Grothman suggested, as did many of those who spoke before the Town Board on Tuesday night at the Silver Lake Fire Hall, that town officials impose bonds and fees and stretch out the process as long as possible in hopes the state Legislature may revisit rules that govern wind farm development.
“In January, (when the Legislature reconvenes) we may be able to make it more difficult,” Grothman said.
Hubertus-based EEW Services LLC has told Town of Sherman leaders it intends to submit a formal application to begin construction next year of the Windy Acres Wind Farm on 400 acres east of state Highway 57, west of county Highway CC and north of county Highway A.
The wind farm would consist of four wind turbines, with blades reaching 500 feet high. They would generate nine to 12 megawatts of electricity, enough for about 4,000 average residential homes, and connect to a substation in the Town of Holland, developers say.
William Rakocy, managing member of EEW Services, could not be reached for comment. Rakocy said earlier he hopes the wind farm would begin operating in late 2013.
The state rules had been adopted by the state Public Service Commission under former Gov. Jim Doyle and the Democrat-led Legislature in 2009. But the Republican-led Legislature voted in March 2011 to stop the rules from going into effect.
Lawmakers needed to vote again by this spring on whether to permanently shelve them and never did, meaning the rules are now in effect.
The project requires the blessing of the Sherman Town Board, even though state rules governing wind farm siting supersede local ordinances.
Town Board Chairman Bill Goehring hesitated to comment on the pending application because he hasn’t seen it yet, but on Thursday said, “We will move forward and put together as strict an ordinance as we can. There will be some strategy sessions down the road. We’re looking at it very deliberately to see what our options are.”
The Town Board has until the beginning of the fourth month after the application is received before it must make a decision.
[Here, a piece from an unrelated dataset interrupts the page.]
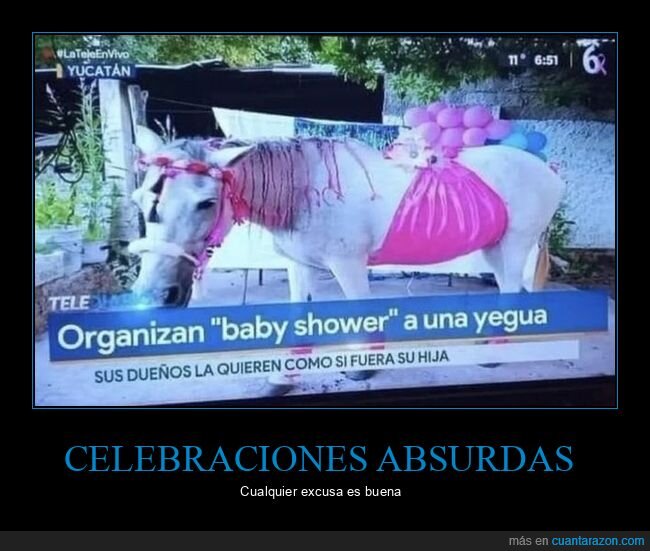 baby shower,wtf,yegua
“That could put us into early January and that might give the Legislature time to regroup and come up with something else,” Goehring said. “The Legislature has our hands tied. I think we could be more responsived to our local citizens if we had some more control in this. I’m very thankful for Sen. Grothman answering our questions and being helpful in this area.”
Goehring said he expected the matter to be on the next Town Board agenda on Aug. 7.
If the wind farm is built, it’s not clear who will buy the energy.
Alliant Energy and We Energies both currently meet requirements that 10 percent of the energy consumed by retail customers comes from renewable sources such as wind and solar.
WE Energies spokesman Barry McNulty said his company is not involved in the Town of Sherman project and won’t be.
“It’s more beneficial to our customers if we can generate the energy ourselves and it’s too small of a project,” he said.
Grothman suggested that the power generated by the wind farm would be sold on the open market to utilities outside the area or, as is commonly done, sold as energy credits to utilities on the national or international market.